(Not super low carb…but by no means high carb. You can lessen the carb count by leaving out or adding less LC pasta. This is loaded with veggie antioxidents and it makes a great Lenten Friday meal, as the eggplant gives it a slightly meaty texture.)
½ c. red wine
2 Tbsp tomato paste
1 eggplant, diced
2 c. celery, diced
1 large onion
1 can tomatoes, slightly drained
3 Tbsp fresh garlic
3 c. chicken broth
1 Tbsp parley
½ Tbsp thyme
1 tsp chili powder
½ tsp cayenne
Salt, pepper, Olive Oil
Saute veggies in 2 Tbsp olive oil with 1 tsp salt, ½ tsp pepper and garlic. Add tomatoes. Remove from heat and blend to puree. Return to pot. Sauté just the veggies for approximately 5 more minutes. Add red wine, tomato paste, chicken broth and spices.

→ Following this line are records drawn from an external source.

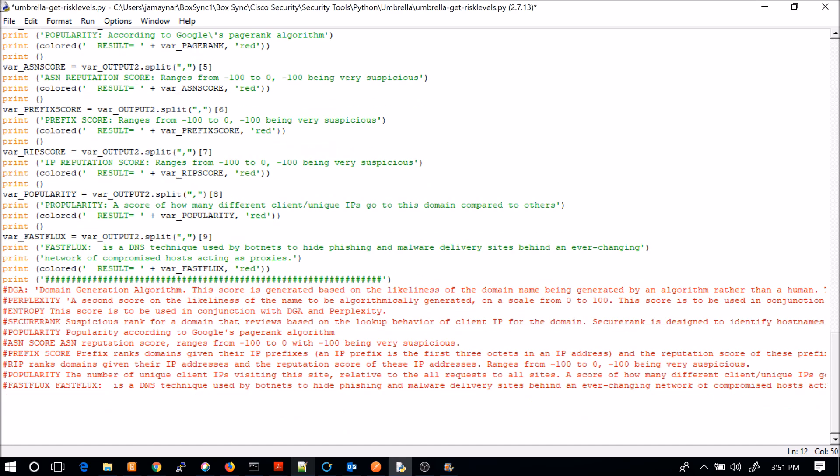And then at the bottom here, I just included some information in regards to which each one of these actually mean. And that's here for my own self use and then anybody that's actually leveraging this script. I guess I could also create a help file with this in it as well. But anyways, that's it. Pretty simple and easy. And now I can query any domain at any point in time and get a good sense of what that domain looks like. Thank you.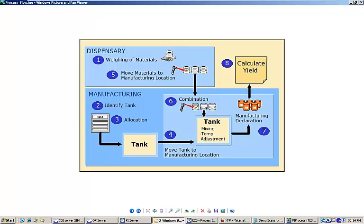In the previous segment, I demonstrated XFP's built-in weighing functionality and weighed all of the materials required for my work order. In this segment, I will continue and complete execution of the EBR.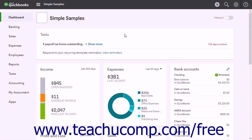QuickBooks Online Plus does not currently offer a job costing feature. However, you can set up jobs using subcustomers and the Bill with Parent feature. This lets you create subcustomers of an existing customer as a workaround for jobs.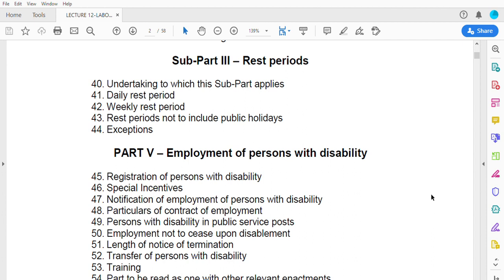The Labor Act also covers notification of employment of persons with disability, particulars of contracts of employment, and positions in the public service. Importantly, post-employment is not to cease upon disablement — meaning if you become disabled in the course of work, your employment cannot be terminated immediately. The length of notice of termination is also specified, including what the disabled worker must do when terminating a contract.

-If you want to make soup, add an additional 3 c. chicken broth
-If you are making pasta sauce, leave as is.
Allow to simmer for 10 minutes.
-If you are making soup, add 1 c. uncooked low carb pasta to the pot.
-If you are making pasta sauce, add 1.5 c. uncooked low carb pasta to the pot.
Cover and allow to simmer until the pasta is al dente – approximately 10 minutes, check the package. Serve topped with parmesan cheese and sour cream if desired.